I think of my childhood, the good and bad parts. I’m seeing it through new eyes as I’ve been discovering truths and alternate versions of history. It’s been changing so much for me. I don’t like it, truthfully, but it is also refreshing. I should embrace the lightness it can offer me.

1986 was a difficult year for me, an awkward teenager. I didn’t feel comfortable at my high school, didn’t feel that I fit in or was liked that much. Reading It when it came out in the fall of that year helped me understand that so many people feel that way. And when like finds like, you form a group of friends, even the Losers.

And the adults, in the book and in my life at that point, couldn’t see what was happening. They couldn’t see my pain, my sadness, my illness. As I’ve been thinking on that concept, I’ve started to ask myself what do I not see in my sons’ worlds? What am I turning a blind eye to? I’m attempting to open my eyes to their perspectives, the very real struggles and challenges and rewards and fun of being a teenager.

I’ve thought a lot about Stan and what happens to him. How childhood events haunted him so much even in adulthood that he just couldn’t bear it.

I think of the power of a promise when you are younger. 

I think of balloons, floating, and how I still think that’s a waste of a noble gas. My sons’ quote Pennywise all the time, about floating, yet they’re not allowed to have helium balloons. Now there’s a mean childhood memory they’ll have to deal with.

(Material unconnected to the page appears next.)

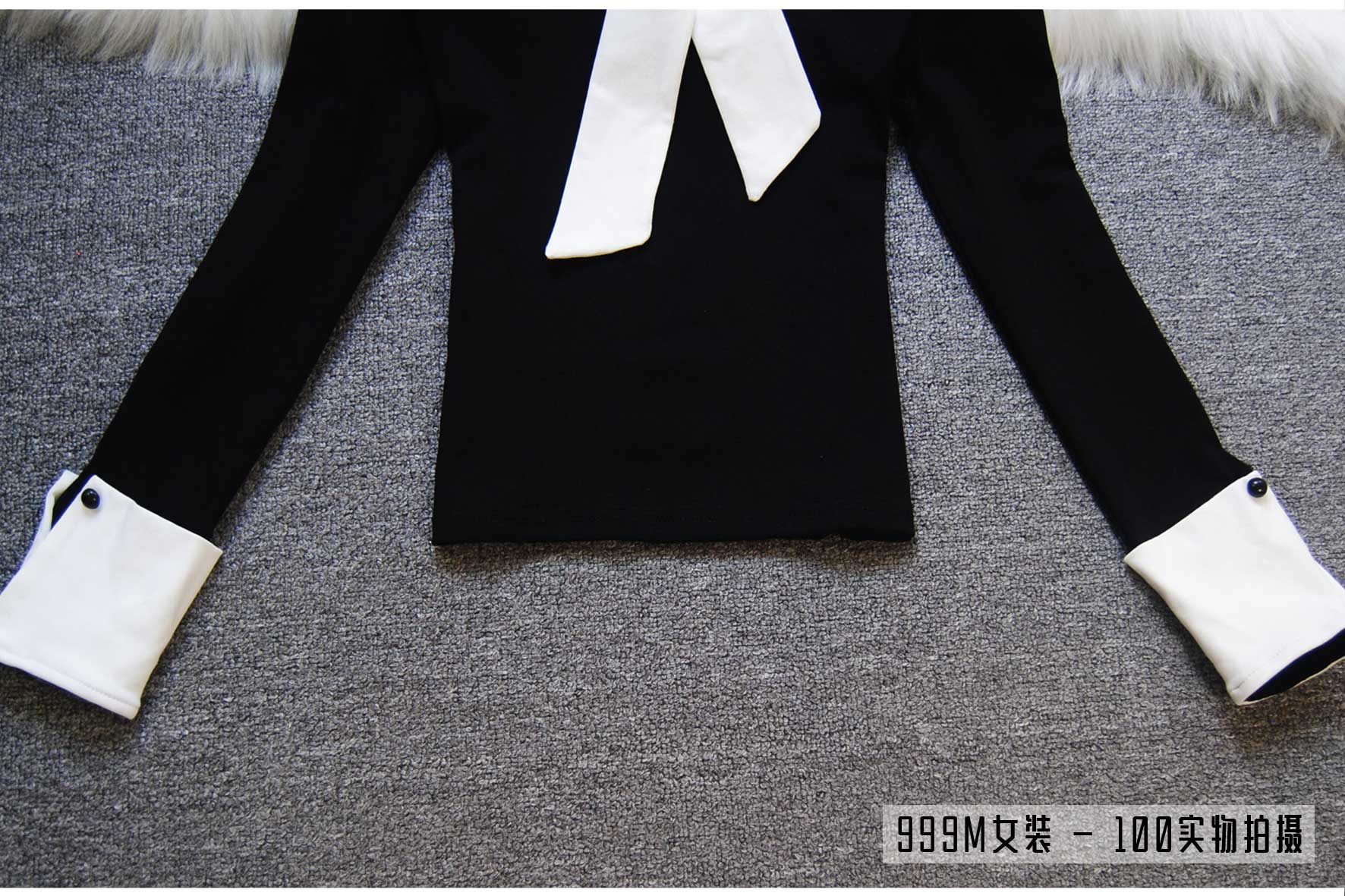 Áo thun dài tay nữ mùa xuân mới của phụ nữ Hàn Quốc có nơ có nơ là áo thun cotton mỏng - Áo phông áo thun trơn nữ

I think of simplicity, brothers, birds, spiders, and lost innocence. I think of lost opportunities. I work through regrets of my childhood. 

Some books stay with you for a lifetime. You dance with them, you create a new poem together each time you revisit each other. I haven’t read It for over a decade. I couldn’t, not once I was the mother of two sons. But they’re teenagers now. I think it’s time I revisit It. And let It see where I am today.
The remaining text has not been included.